I remember when I first fell in love – nothing else mattered but that it was true, and the fact that it was true meant that, for a little while at least, most everything was good. It’s certainly a strange period in a person’s life, and it doesn’t last long (I suppose because it is too physically and mentally
draining), but for a brief moment (days, weeks, maybe a month for a lucky couple?), when love is at its newest and most extraordinary, everything is wonderful. Everything.
Now, I don’t mean the general feeling of love that comes from companionship and time, and nor do I really mean sexual or physical love – or, not exactly that. No, instead, I mean that small period of time when you discover for the first time that you love her, and that she loves you. You know it. Later, the information, because it is known, becomes secondary to the fact of being
together and of merging your life with hers, but for a little while the discovery is everything, and the days are very heaven.
Romanian writer Călin Torsan’s short story, The Scent of Love never explicitly indicates that the young couple have only very recently discovered their love for one another, but it is exceedingly obvious to the reader that this is the case. How can we tell? Onions. And garlic.
More precisely, the story – three pages in total – has Izmail, on his way to see his sweetheart, Cezareea, order a drink with mint and garlic, to go with his bean dish. Garlic! Beans! Why would he do this to himself, or more importantly, why would he do this to Cezareea? The poor woman. Izmail recognises this, but he is hungry and, he can’t quite think properly. Cezareea on the other hand, orders a sandwich, telling the man that she wants it,
[…]”with everything”. With onion, with pickled cucumbers, with mayonnaise, with spicy ketchup, but put something sweet as well, with fried potatoes and, perhaps surprising in the light of her meeting in just a few minutes with the man [who] held her interest – with the onion and garlic dressing.
Onion! Garlic! Why would she do this to Izmail?
When they meet a little while later, Izmail is chewing min gum, and Cezareea makes the sign of the cross as they approach one another. Their mouths open in greeting and – garlic! Onions! Beans! – both of their mouths stink. Each can smell the food on the other, and each is momentarily taken aback. But –
But it’s okay. It’s okay.
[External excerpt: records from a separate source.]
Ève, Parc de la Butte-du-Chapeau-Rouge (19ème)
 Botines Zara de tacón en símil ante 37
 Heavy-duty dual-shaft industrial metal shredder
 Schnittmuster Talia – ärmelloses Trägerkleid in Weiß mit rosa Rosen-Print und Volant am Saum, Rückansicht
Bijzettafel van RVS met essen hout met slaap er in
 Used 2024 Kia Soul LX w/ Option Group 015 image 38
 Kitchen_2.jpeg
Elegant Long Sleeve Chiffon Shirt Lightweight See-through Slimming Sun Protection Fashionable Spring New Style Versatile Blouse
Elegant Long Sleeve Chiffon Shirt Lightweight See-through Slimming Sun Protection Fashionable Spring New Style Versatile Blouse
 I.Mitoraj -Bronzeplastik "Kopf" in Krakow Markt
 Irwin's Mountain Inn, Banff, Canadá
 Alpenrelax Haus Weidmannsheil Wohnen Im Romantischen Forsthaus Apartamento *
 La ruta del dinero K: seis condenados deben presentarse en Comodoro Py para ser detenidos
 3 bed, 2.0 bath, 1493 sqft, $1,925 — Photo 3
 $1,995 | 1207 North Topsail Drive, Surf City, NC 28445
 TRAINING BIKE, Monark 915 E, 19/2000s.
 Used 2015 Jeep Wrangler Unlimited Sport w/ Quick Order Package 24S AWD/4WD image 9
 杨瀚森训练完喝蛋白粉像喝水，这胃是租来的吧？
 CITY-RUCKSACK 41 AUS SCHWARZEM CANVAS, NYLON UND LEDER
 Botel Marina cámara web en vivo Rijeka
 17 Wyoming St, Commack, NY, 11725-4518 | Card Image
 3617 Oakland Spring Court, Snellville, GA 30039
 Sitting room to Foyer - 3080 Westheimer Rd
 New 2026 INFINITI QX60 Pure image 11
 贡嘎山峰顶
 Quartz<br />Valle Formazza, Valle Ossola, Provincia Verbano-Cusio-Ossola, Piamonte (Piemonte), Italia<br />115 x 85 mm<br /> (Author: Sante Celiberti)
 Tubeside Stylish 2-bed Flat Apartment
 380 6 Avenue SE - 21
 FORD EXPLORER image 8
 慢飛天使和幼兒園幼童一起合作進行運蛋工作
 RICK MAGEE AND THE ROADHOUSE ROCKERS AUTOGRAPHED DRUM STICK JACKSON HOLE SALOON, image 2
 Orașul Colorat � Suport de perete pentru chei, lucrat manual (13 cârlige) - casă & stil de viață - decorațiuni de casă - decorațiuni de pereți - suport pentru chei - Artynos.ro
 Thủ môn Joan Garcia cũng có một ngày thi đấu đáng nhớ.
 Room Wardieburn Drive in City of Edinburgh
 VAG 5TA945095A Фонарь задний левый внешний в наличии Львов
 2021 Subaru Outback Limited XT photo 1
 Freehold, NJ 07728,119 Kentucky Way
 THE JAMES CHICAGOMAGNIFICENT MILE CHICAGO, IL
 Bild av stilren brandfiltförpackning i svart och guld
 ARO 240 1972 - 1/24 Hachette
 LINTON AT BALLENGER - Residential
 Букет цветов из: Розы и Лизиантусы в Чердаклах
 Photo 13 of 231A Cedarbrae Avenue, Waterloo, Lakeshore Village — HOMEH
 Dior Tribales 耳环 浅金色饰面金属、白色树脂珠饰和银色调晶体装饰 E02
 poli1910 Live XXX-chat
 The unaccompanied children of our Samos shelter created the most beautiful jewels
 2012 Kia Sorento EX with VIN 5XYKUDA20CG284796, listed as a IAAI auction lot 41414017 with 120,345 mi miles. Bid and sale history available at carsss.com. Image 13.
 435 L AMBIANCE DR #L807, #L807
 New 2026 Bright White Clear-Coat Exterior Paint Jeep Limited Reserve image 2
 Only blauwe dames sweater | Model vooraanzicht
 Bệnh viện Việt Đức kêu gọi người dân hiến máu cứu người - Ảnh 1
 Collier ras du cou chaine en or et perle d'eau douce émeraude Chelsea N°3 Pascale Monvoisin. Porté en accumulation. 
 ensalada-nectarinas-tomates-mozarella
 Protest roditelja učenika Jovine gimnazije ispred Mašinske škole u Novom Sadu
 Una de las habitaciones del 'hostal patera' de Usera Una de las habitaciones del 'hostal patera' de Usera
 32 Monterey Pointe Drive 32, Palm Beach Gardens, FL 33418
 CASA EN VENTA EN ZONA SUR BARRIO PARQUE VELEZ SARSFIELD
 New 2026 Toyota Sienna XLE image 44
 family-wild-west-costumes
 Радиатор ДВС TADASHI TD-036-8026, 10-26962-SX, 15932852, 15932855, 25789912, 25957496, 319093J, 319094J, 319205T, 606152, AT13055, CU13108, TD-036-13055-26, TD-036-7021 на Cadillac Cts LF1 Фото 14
The rush to a restaurant and order dishes with the most garlic and onions possible, and after they’ve both eaten, well – it’s doubly worse, but it’s all okay. Why? Love.
It’s a sweet story, really. Torsan is able to show via a rather unorthodox method that these two are in love, and that when you have recently come to this discovery, everything is okay, even garlic and onion breath. Fast forward six months or a year in their relationship and one would curtly tell the
other that there wouldn’t be any kisses until teeth were cleaned, or some other comment would be made. But now? For those two? All they want to do is kiss, and touch, and be together, and smells be damned.
The Scent of Love takes a rather ordinary event – love – and shows a side of it that I haven’t seen in literature before. Love is obviously far more just emotions and just physical expression, but these other things are often difficult to portray in literature, and even harder in film or television.
Torsan’s method shows us the absurdity, the politeness, the eagerness, of love when it’s young, and – he’s right. We do stress about silly things like garlic or onion when things are new, and we do go out of our way to pretend like everything is wonderful, when what we’d really like to do is grab some gum or find a toothbrush. Garlic breath isn’t a dealbreaker of course, but it’s rather wonderful how Torsan is able to use it as a situation by which to examine the gentle pleasures and the endlessly ridiculous nature of love.